Lack of heavier elements in Pop III.1 means lack of coolants in Pop III.1. Thus, they were very massive. Masses of Pop III.1 stars may be up to 1000 solar masses.

Supernovae explosions of Pop III.1 stars seeded the universe with the first heavy elements (metals), enabling the formation of later, less massive stars (like our Sun) and planets.

Population III.2 (Pop III.2) stars are also primordial stars i.e. formed from pristine gas (mostly hydrogen and helium) after the Big Bang but they contained some coolants i.e. heavy elements in their star-forming regions because supernovae explosions at the end of Pop III.1 stars had enriched the star-forming regions with some heavy elements.
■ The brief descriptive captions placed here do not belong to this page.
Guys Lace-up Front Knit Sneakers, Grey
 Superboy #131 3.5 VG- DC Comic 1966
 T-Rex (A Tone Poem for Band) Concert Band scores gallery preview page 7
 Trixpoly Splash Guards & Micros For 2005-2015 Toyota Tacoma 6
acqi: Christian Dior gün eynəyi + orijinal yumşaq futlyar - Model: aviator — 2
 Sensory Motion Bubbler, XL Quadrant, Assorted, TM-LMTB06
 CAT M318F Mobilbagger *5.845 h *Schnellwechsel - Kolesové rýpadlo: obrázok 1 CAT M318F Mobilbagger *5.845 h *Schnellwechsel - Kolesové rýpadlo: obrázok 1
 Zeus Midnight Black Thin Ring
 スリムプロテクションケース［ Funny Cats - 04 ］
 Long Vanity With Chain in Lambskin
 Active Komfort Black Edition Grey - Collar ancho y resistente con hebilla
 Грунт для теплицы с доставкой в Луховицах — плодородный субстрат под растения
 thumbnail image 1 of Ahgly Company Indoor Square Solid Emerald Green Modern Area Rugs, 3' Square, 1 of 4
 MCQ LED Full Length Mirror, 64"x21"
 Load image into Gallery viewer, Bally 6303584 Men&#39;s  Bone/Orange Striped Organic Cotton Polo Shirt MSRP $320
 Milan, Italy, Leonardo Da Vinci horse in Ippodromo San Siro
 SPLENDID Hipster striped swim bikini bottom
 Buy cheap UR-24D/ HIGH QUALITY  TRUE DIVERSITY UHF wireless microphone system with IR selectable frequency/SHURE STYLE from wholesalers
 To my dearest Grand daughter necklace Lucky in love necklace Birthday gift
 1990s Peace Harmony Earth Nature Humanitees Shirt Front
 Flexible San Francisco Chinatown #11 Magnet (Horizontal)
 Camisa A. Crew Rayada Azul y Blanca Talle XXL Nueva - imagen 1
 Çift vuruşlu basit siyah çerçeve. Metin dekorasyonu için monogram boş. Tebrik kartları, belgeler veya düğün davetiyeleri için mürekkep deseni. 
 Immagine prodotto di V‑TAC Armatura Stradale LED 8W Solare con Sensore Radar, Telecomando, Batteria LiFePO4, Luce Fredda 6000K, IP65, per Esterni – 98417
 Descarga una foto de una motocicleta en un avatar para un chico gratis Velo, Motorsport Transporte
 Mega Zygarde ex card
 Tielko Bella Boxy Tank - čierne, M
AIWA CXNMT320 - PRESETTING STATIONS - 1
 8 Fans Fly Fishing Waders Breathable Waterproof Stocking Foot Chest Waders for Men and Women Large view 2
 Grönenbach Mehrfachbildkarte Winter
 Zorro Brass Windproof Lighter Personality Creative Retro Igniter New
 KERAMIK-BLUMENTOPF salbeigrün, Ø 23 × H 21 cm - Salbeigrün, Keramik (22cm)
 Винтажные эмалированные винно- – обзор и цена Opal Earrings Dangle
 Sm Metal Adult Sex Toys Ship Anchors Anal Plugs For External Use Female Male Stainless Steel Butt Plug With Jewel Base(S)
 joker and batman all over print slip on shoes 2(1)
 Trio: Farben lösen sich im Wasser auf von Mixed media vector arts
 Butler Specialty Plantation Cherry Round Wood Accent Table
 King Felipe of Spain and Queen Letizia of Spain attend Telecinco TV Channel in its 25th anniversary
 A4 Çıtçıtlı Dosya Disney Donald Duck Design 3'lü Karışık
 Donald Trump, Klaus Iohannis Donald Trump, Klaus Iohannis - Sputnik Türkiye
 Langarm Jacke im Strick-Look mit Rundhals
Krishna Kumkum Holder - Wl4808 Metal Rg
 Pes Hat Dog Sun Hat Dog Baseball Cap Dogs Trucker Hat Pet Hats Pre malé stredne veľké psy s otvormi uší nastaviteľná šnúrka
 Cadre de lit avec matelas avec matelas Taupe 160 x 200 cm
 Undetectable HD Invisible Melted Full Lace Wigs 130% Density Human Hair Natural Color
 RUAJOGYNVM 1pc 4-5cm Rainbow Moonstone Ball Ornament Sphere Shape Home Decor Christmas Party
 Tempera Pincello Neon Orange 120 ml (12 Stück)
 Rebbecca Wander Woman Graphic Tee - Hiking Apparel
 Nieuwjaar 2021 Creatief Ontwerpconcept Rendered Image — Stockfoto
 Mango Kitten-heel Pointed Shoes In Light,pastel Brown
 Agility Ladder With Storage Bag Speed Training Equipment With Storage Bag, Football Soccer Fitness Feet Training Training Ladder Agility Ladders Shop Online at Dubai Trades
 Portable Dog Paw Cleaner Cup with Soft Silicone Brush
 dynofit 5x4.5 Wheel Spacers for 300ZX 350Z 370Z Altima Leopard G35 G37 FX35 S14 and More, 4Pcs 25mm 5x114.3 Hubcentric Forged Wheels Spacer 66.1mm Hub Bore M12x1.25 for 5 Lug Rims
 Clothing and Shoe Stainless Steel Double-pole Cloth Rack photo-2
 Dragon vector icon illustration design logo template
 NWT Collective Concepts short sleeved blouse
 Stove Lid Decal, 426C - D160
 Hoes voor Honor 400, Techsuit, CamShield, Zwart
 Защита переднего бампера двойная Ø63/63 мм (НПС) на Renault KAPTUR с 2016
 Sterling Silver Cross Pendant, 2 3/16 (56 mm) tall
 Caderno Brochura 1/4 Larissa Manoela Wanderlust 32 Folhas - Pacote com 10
Pop III.2 had lower masses (around 40-60 solar masses) than Pop III.1 because of coolants in their star-forming region.

Population II are old, metal-poor stars, found in galactic halos and globular clusters. 

Population I are young, metal-rich stars (e.g., Sun). 

Formation of Supermassive Black Hole (SMBH):

Black hole seeds from the remnants of typical Pop III star supernovae don’t grow fast enough and hence cannot become SMBH.

However, supermassive massive Pop III stars (more than 260 solar masses) can collapse directly into black holes of similar masses and can grow into SMBH.

Supermassive Pop III stars burn helium in their cores, producing carbon. The carbon leaks into a surrounding shell where hydrogen is burning.The carbon combines with hydrogen to create nitrogen through the carbon/nitrogen/oxygen (CNO) cycle. Convection currents distribute the nitrogen throughout the star. Eventually, this nitrogen-rich material is ejected into space. The process continues for millions of years during the star’s helium-burning phase, creating the nitrogen excess in the galaxy having such a star.

When such a supermassive star dies, it doesn’t explode. Instead, it collapses directly into massive black hole seeds (100 to 10000 solar masses).

Observation of the nitrogen excess i.e. high N/O ratio (0.46) in the galaxy GS 3073 implies that the SMBH at the center of this galaxy might have formed from Pop III supermassive star existing in the early universe. This also implies SMBHs at the center of the quasars found in early universe also might have formed from Pop III supermassive stars.

These stars lived briefly (around 250,000 years) but enriched the universe with heavy elements, laying foundations for later galaxies and seeding supermassive black holes.

Supermassive black holes have already been observed at redshift z ~7 and even more.

Direct Collapse Star (DCS) / Direct Collapse Black Hole (DCBH) is a specific, rapid process of direct collapse to form supermassive black hole (SMBH) seeds (10000 to 1 million solar masses) at high redshifts i.e. in the early universe.

Key conditions for the direct collapse are low metallicity and the suppression of hydrogen cooling by UV radiation from the nearby galaxies.

Hot gas with few heavy elements (metals) cools less efficiently.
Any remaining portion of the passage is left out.